The one-mile stretch of the Skokie River, which runs through the Chicago Botanic Garden, is one of the Garden's four natural areas and is a demonstration site offering natural methods to enhance urban waterways.

Once a meandering stream that was part of a larger complex of marsh, sedge meadow, and wet prairie, in the early 1900s the Skokie River became a drainage ditch. Though no longer able to function as they once did, highly engineered waterways like the Skokie River often remain valuable natural resources. A Garden project seeks to enhance part of the stream channel that flows through the Garden’s western perimeter to develop habitat, increase biodiversity, and improve water quality, while at the same time showcasing river enhancement techniques and serving as a living laboratory to study human-built riparian corridors. Twenty-two acres adjacent to the river have been devoted to this effort.

Portions of eroded stream banks have been bolstered with woody plants. Along the river, floodplain wetlands, upland prairie, and oak savanna-woodland also are being established. Approximately 200 species of native herbaceous plants are thriving.
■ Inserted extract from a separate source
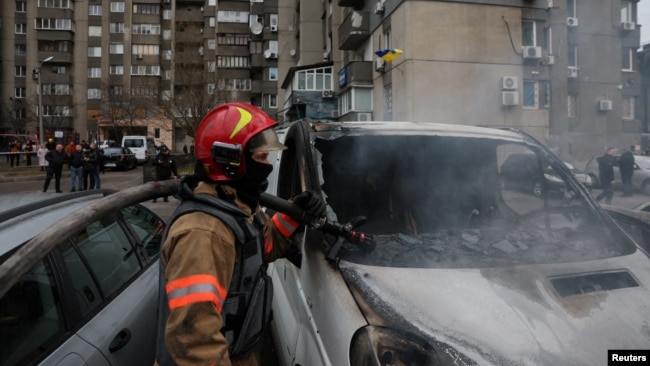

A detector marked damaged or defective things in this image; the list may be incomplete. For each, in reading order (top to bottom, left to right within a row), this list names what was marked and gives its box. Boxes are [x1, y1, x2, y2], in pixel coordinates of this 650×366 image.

damaged vehicle [264, 121, 648, 366]
burned car [264, 121, 648, 366]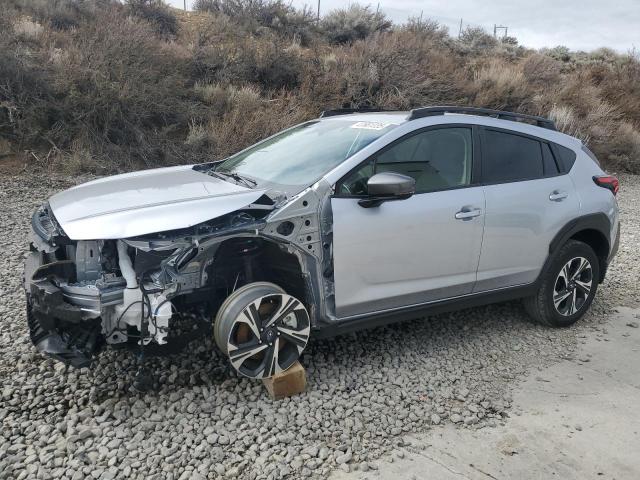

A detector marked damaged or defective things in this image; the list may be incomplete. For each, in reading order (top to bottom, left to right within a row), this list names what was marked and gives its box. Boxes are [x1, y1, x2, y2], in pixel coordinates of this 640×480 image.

Fast-growing species, along with remnant Garden horticulture, form a backdrop on the Garden’s western edge as slow-growing oaks—primarily burr oak (Quercus macrocarpa)—reach maturity.

Reed canary grass (Phalarus arundinaceae) is an invasive species that presents one of the greatest challenges to developing a native floodplain plant community. Despite aggressive efforts at eliminating and establishing native sedges, grasses, and forbs, reed canary grass, with its tolerance of both prolonged flooding and drought conditions, is again gaining dominance in much of the floodplain. Garden scientists continue to explore and study methods for reversing this trend.

Compacted, engineered soils here and in places such as the Dixon Prairie challenge the establishment of native plants. Garden scientists are studying the uplands of the river to determine how soil disturbance can affect our ability to create native grassland communities.